Segment Start: AVAILABLE RECORDS
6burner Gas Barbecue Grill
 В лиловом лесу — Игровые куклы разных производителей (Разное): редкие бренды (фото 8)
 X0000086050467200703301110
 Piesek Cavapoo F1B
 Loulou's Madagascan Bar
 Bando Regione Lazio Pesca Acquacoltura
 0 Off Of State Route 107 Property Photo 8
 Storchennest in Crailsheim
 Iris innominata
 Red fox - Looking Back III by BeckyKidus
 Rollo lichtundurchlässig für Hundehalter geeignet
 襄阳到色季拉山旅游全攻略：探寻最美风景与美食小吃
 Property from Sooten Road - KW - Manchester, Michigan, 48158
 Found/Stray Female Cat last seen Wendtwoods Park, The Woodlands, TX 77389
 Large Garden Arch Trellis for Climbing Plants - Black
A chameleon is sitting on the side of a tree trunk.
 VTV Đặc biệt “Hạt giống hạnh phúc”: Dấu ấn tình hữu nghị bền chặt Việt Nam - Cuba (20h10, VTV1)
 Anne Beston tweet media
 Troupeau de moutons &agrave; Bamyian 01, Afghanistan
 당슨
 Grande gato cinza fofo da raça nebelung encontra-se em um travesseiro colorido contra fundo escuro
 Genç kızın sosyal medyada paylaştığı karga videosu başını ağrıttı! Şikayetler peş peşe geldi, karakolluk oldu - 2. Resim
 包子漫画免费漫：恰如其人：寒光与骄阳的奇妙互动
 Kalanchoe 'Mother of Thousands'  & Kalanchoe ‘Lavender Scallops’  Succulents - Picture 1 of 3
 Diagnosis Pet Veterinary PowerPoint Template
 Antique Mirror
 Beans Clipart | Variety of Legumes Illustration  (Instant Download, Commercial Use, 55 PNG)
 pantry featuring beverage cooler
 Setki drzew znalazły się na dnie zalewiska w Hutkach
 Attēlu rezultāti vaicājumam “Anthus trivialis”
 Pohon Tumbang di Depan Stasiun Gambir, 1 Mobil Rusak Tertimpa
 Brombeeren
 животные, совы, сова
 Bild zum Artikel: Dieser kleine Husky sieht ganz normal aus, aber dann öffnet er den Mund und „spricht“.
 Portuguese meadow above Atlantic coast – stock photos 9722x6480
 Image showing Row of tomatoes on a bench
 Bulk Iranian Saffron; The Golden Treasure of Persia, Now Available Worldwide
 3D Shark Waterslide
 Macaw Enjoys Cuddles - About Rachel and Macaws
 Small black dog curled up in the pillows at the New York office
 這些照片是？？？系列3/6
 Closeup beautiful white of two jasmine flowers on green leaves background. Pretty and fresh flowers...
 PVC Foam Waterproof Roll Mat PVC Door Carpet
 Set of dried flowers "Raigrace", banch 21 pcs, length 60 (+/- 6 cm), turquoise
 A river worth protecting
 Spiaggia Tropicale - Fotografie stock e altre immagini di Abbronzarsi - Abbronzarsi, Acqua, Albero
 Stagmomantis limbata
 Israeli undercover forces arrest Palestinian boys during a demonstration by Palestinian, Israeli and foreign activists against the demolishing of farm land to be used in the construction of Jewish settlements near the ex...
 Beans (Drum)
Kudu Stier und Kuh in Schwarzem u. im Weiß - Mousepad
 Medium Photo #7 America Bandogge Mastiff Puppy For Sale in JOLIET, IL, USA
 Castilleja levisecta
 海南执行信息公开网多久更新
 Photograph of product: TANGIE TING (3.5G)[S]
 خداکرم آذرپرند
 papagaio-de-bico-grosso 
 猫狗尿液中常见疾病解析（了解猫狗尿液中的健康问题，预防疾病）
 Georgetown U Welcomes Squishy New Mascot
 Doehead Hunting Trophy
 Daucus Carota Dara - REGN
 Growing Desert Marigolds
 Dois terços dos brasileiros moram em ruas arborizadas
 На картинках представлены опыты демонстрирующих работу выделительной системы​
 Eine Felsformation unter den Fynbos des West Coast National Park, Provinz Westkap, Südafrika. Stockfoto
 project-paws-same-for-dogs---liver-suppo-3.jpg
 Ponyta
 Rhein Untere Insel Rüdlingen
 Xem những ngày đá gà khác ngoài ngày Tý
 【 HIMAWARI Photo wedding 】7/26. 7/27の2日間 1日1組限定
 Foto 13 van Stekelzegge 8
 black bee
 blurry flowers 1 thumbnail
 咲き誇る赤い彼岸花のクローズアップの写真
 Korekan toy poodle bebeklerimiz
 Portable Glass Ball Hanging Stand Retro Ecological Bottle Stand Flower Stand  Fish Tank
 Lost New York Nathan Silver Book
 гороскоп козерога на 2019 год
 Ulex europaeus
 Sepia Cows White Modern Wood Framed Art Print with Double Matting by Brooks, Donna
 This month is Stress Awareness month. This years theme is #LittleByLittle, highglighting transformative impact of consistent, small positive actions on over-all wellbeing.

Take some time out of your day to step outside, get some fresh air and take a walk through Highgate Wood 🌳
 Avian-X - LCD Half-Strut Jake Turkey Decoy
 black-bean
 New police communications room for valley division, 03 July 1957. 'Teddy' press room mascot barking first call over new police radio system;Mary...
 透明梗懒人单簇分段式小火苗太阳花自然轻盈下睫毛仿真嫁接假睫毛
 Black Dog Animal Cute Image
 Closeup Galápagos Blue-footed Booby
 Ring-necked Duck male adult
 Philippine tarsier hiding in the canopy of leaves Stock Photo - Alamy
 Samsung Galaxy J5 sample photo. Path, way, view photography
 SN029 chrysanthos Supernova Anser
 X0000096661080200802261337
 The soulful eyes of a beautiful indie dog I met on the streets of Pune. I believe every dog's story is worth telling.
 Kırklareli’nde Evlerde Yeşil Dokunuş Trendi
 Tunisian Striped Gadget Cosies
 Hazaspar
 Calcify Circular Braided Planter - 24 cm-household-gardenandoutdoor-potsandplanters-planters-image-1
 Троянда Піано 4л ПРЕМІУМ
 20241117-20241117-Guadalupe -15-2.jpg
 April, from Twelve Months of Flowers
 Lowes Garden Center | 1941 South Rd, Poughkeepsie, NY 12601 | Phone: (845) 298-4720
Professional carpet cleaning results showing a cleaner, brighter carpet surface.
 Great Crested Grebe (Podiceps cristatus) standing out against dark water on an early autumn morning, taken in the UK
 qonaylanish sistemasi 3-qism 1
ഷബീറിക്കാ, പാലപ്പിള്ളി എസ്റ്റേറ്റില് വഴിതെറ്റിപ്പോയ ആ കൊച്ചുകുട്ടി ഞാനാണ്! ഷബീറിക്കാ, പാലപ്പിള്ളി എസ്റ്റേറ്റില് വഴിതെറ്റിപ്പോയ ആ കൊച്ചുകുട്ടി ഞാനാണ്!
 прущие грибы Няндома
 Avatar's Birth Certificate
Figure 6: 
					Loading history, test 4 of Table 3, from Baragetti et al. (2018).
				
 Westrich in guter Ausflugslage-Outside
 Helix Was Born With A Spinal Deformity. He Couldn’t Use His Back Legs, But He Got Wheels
Segment End: AVAILABLE RECORDS
What is asked for is an exact copy of the lines above from the one containing "X0000086050467200703301110" through the one containing "Beans Clipart |", and only those.

RESPONSE BELOW:
 X0000086050467200703301110
 Piesek Cavapoo F1B
 Loulou's Madagascan Bar
 Bando Regione Lazio Pesca Acquacoltura
 0 Off Of State Route 107 Property Photo 8
 Storchennest in Crailsheim
 Iris innominata
 Red fox - Looking Back III by BeckyKidus
 Rollo lichtundurchlässig für Hundehalter geeignet
 襄阳到色季拉山旅游全攻略：探寻最美风景与美食小吃
 Property from Sooten Road - KW - Manchester, Michigan, 48158
 Found/Stray Female Cat last seen Wendtwoods Park, The Woodlands, TX 77389
 Large Garden Arch Trellis for Climbing Plants - Black
A chameleon is sitting on the side of a tree trunk.
 VTV Đặc biệt “Hạt giống hạnh phúc”: Dấu ấn tình hữu nghị bền chặt Việt Nam - Cuba (20h10, VTV1)
 Anne Beston tweet media
 Troupeau de moutons &agrave; Bamyian 01, Afghanistan
 당슨
 Grande gato cinza fofo da raça nebelung encontra-se em um travesseiro colorido contra fundo escuro
 Genç kızın sosyal medyada paylaştığı karga videosu başını ağrıttı! Şikayetler peş peşe geldi, karakolluk oldu - 2. Resim
 包子漫画免费漫：恰如其人：寒光与骄阳的奇妙互动
 Kalanchoe 'Mother of Thousands'  & Kalanchoe ‘Lavender Scallops’  Succulents - Picture 1 of 3
 Diagnosis Pet Veterinary PowerPoint Template
 Antique Mirror
 Beans Clipart | Variety of Legumes Illustration  (Instant Download, Commercial Use, 55 PNG)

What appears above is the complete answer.